Exercise details. The records below are to be written out exactly, with every picture omitted.

Stored entries.
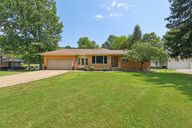 Broadview Rd-S0608-001.jpg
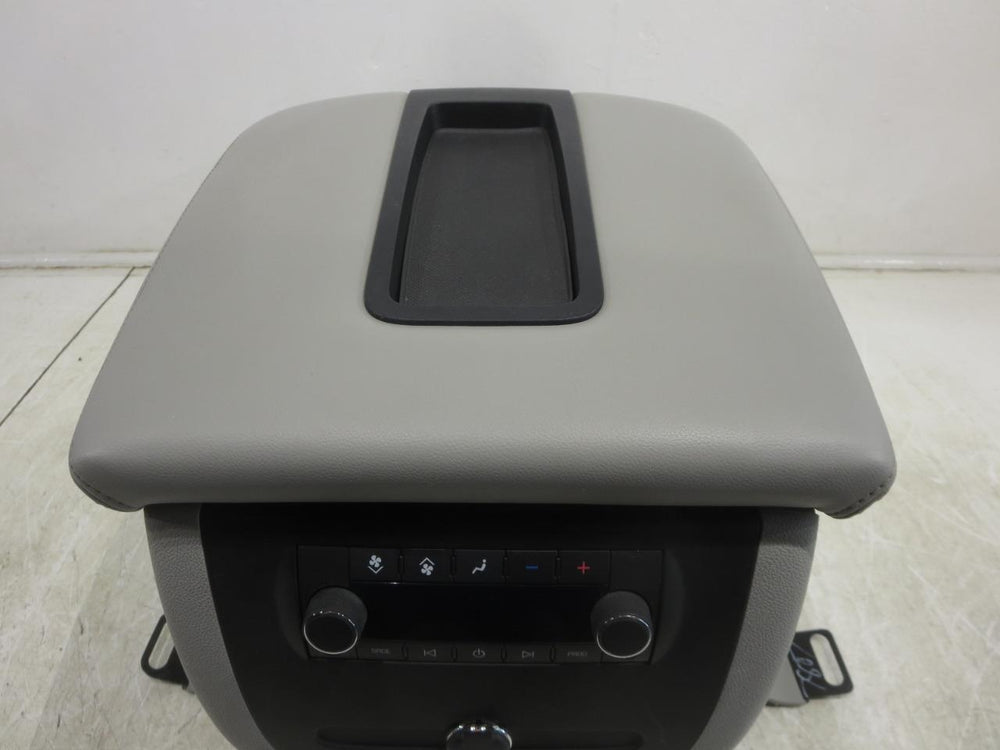 2007 - 2014 Gm Chevy Tahoe Suburban Center Console Gray #568i | Picture # 15 | OEM Seats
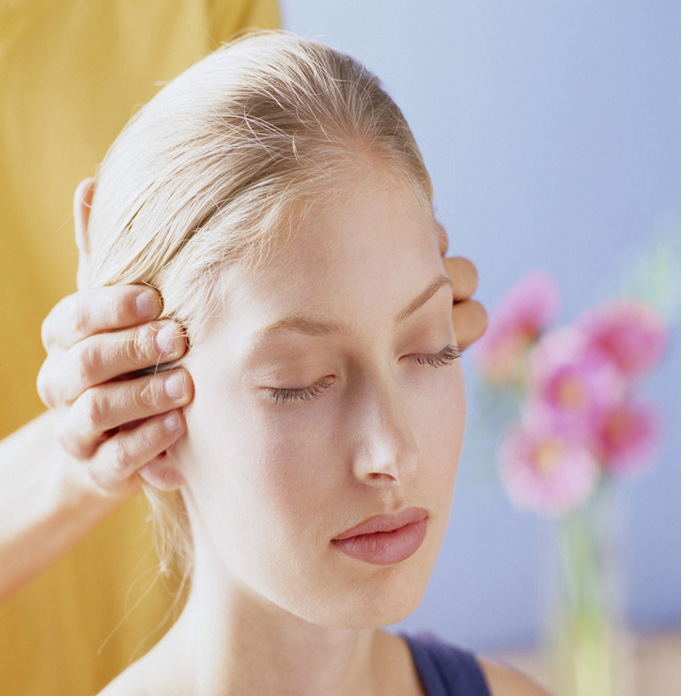 HEAD MASSAGER / جهاز مساج الرأس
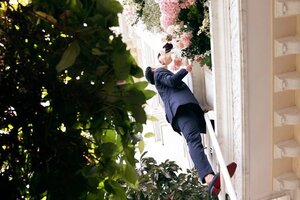 Chú rể thực hiện thử thách trèo thang hôn Minh Hằng trong lễ gia tiên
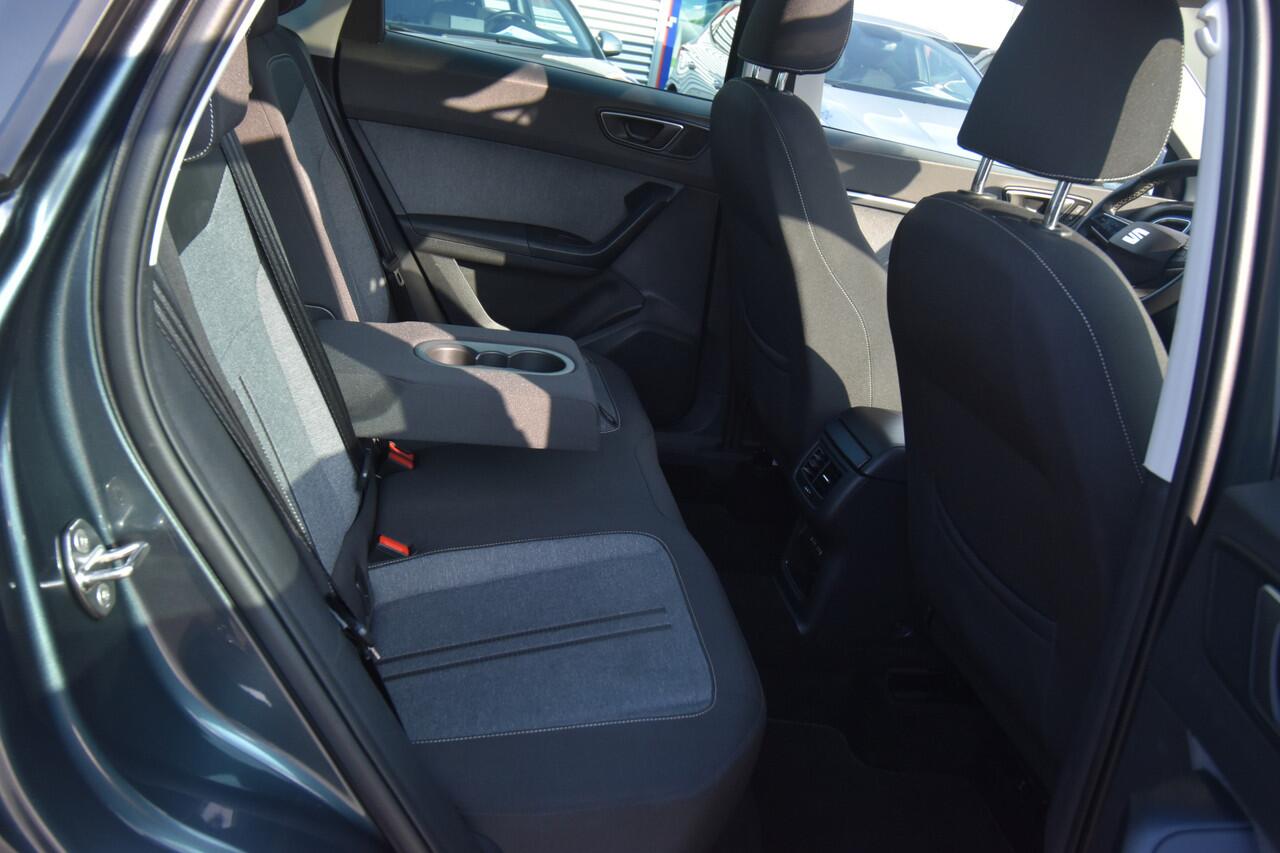 Seat ATECA 2.0 TDI Style Business Intense , TREKHAAK , PANORAMADAK , A UITRIJ CAM , LED VERL , PDC V+A ,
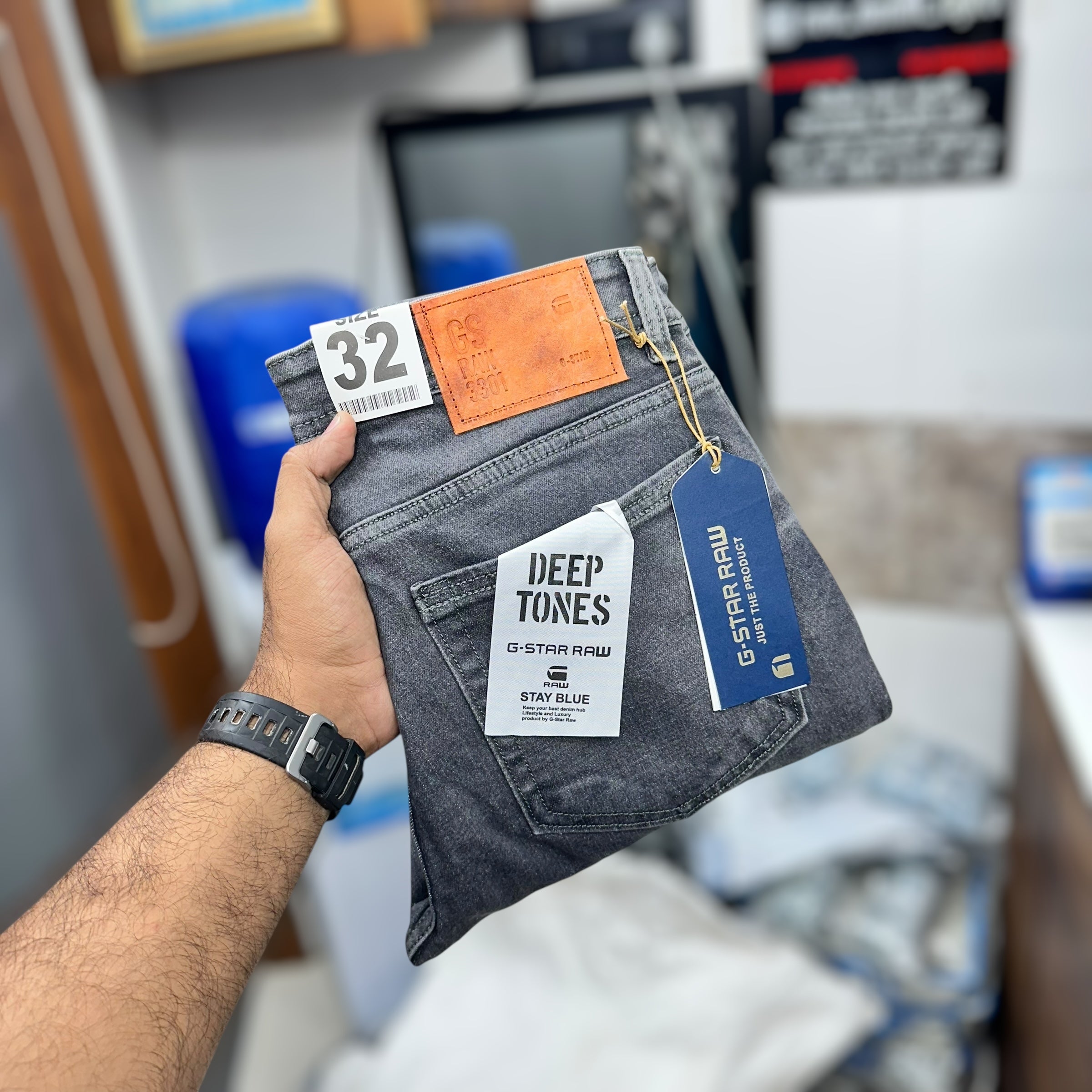 Damage jeans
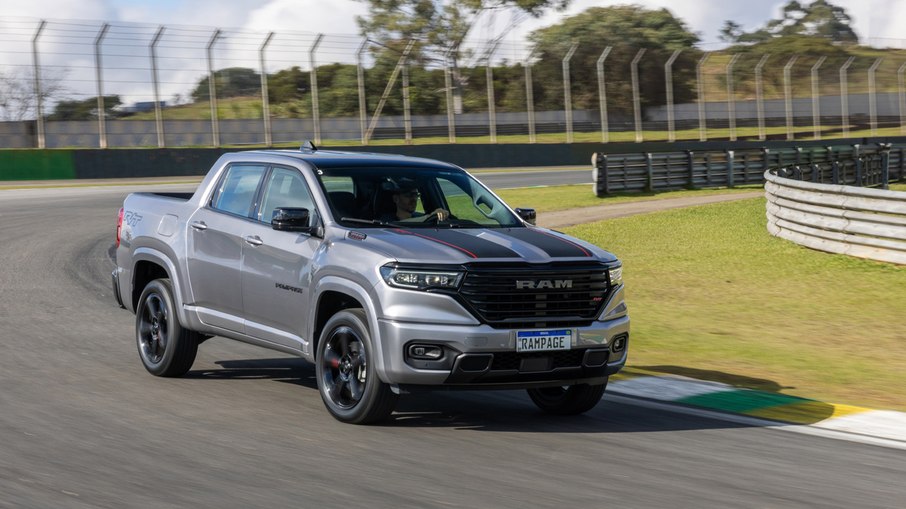 Ram Rampage 2027 na cor cinza estacionada em cenário urbano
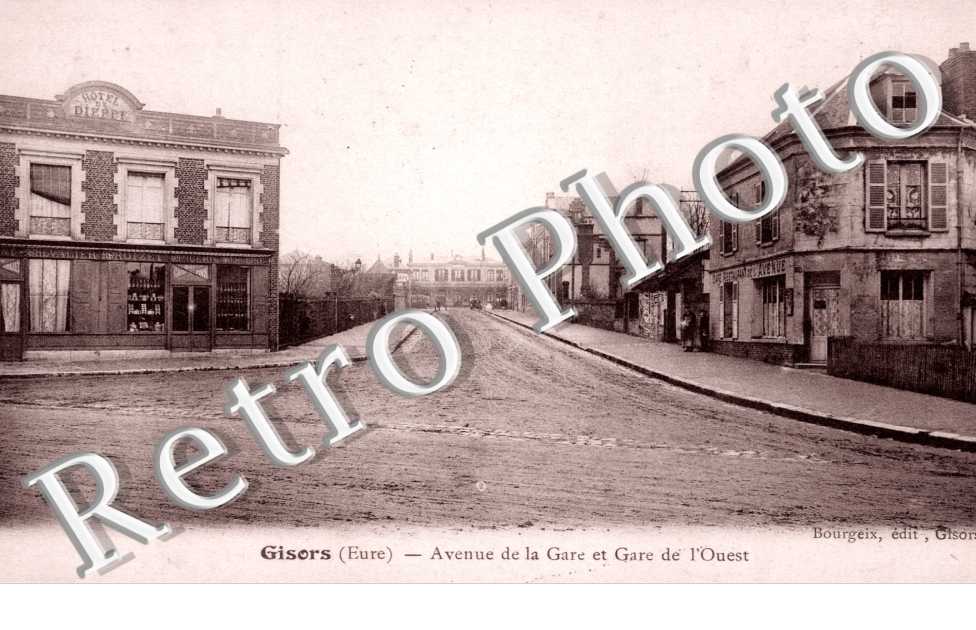 Avenue de la gare et gare de l'Ouest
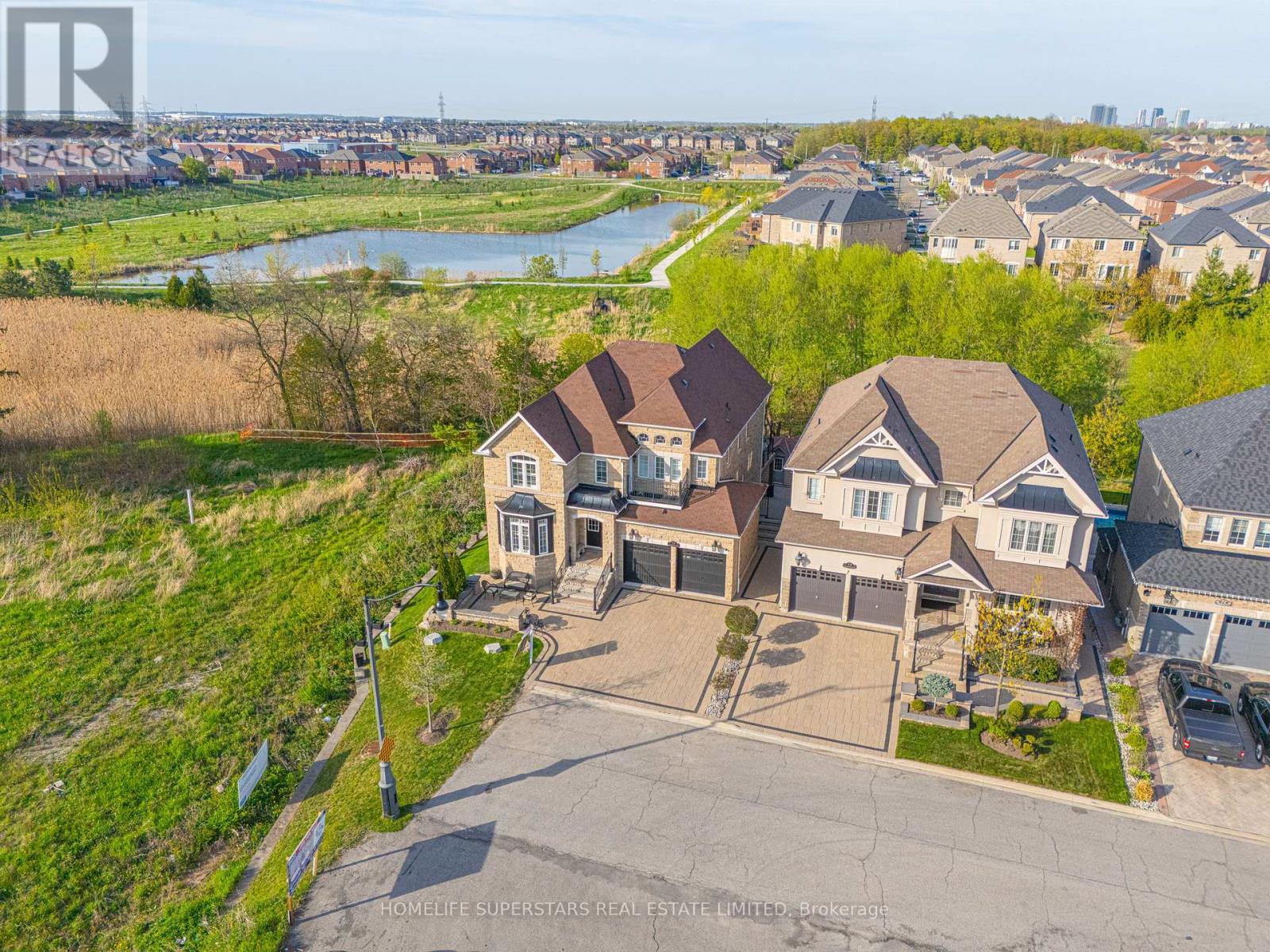 Property at 75 MAYBECK DRIVE image 3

Finished exercise.
 Broadview Rd-S0608-001.jpg
 2007 - 2014 Gm Chevy Tahoe Suburban Center Console Gray #568i | Picture # 15 | OEM Seats
 HEAD MASSAGER / جهاز مساج الرأس
 Chú rể thực hiện thử thách trèo thang hôn Minh Hằng trong lễ gia tiên
 Seat ATECA 2.0 TDI Style Business Intense , TREKHAAK , PANORAMADAK , A UITRIJ CAM , LED VERL , PDC V+A ,
 Damage jeans
 Ram Rampage 2027 na cor cinza estacionada em cenário urbano
 Avenue de la gare et gare de l'Ouest
 Property at 75 MAYBECK DRIVE image 3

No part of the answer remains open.